Print the listing below word for word, but drop any pictures it contains.

::: SUPPLIED DATA

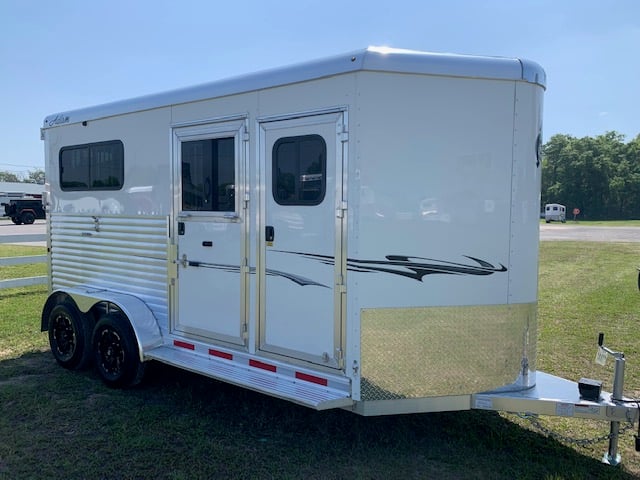 2025 Adam Jubilee - White -  2 Horse Straight Load Bumperpull Horse Trailer SOLD!!! 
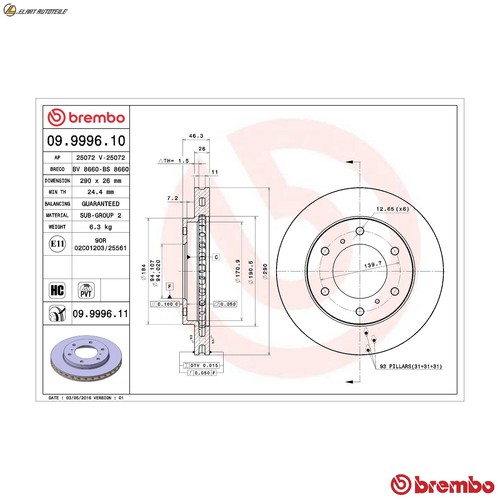 Brake discs 9996 - 2x,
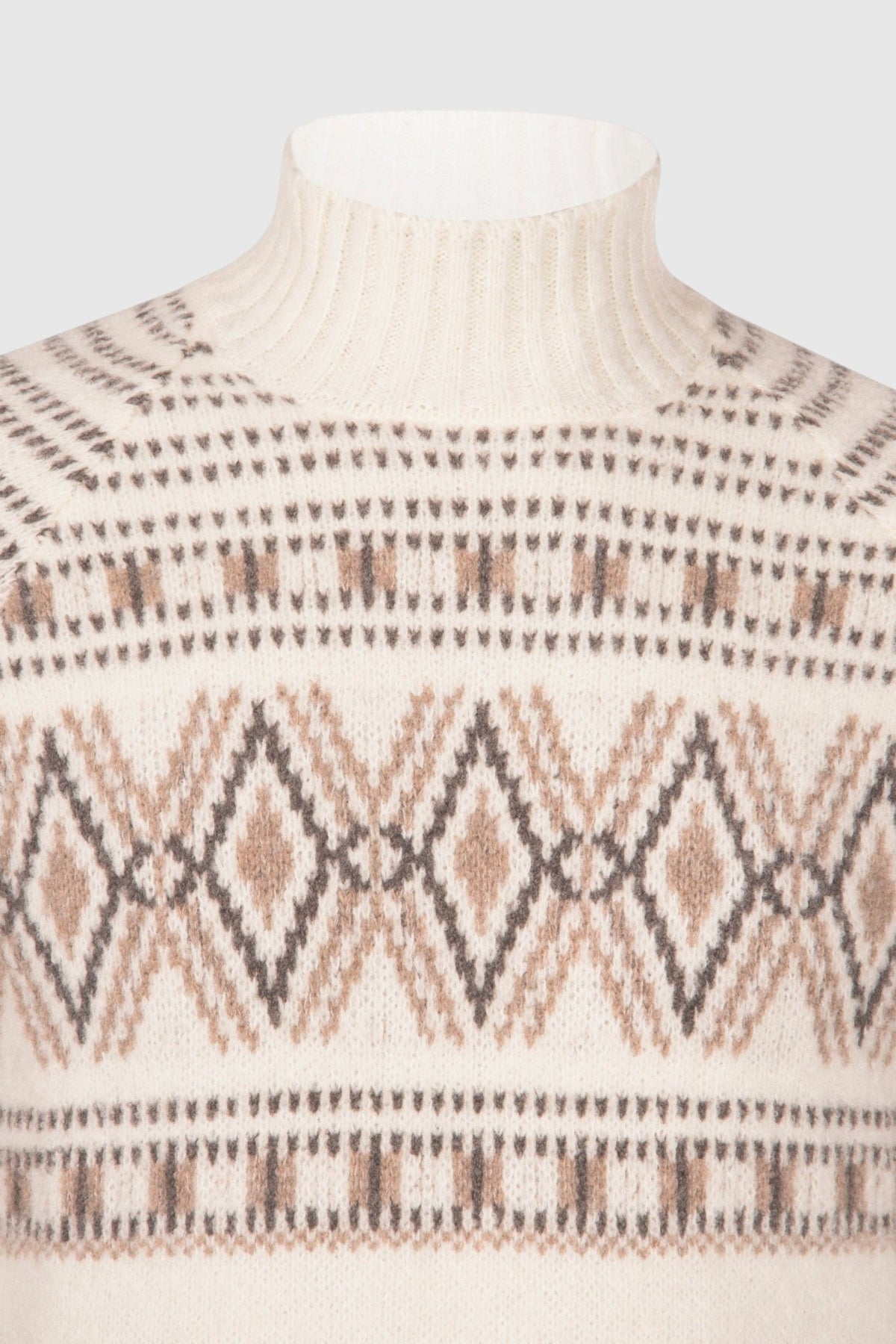 GRAN SASSO Mock Neck Knit CREAM - Henry Bucks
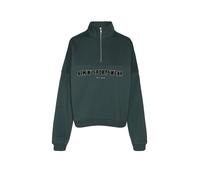 AIM'N Damen Sweater Varsity mit Zip dunkelgrün | S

::::::

SOLUTION TO THE PROBLEM -
 2025 Adam Jubilee - White -  2 Horse Straight Load Bumperpull Horse Trailer SOLD!!! 
 Brake discs 9996 - 2x,
 GRAN SASSO Mock Neck Knit CREAM - Henry Bucks
 AIM'N Damen Sweater Varsity mit Zip dunkelgrün | S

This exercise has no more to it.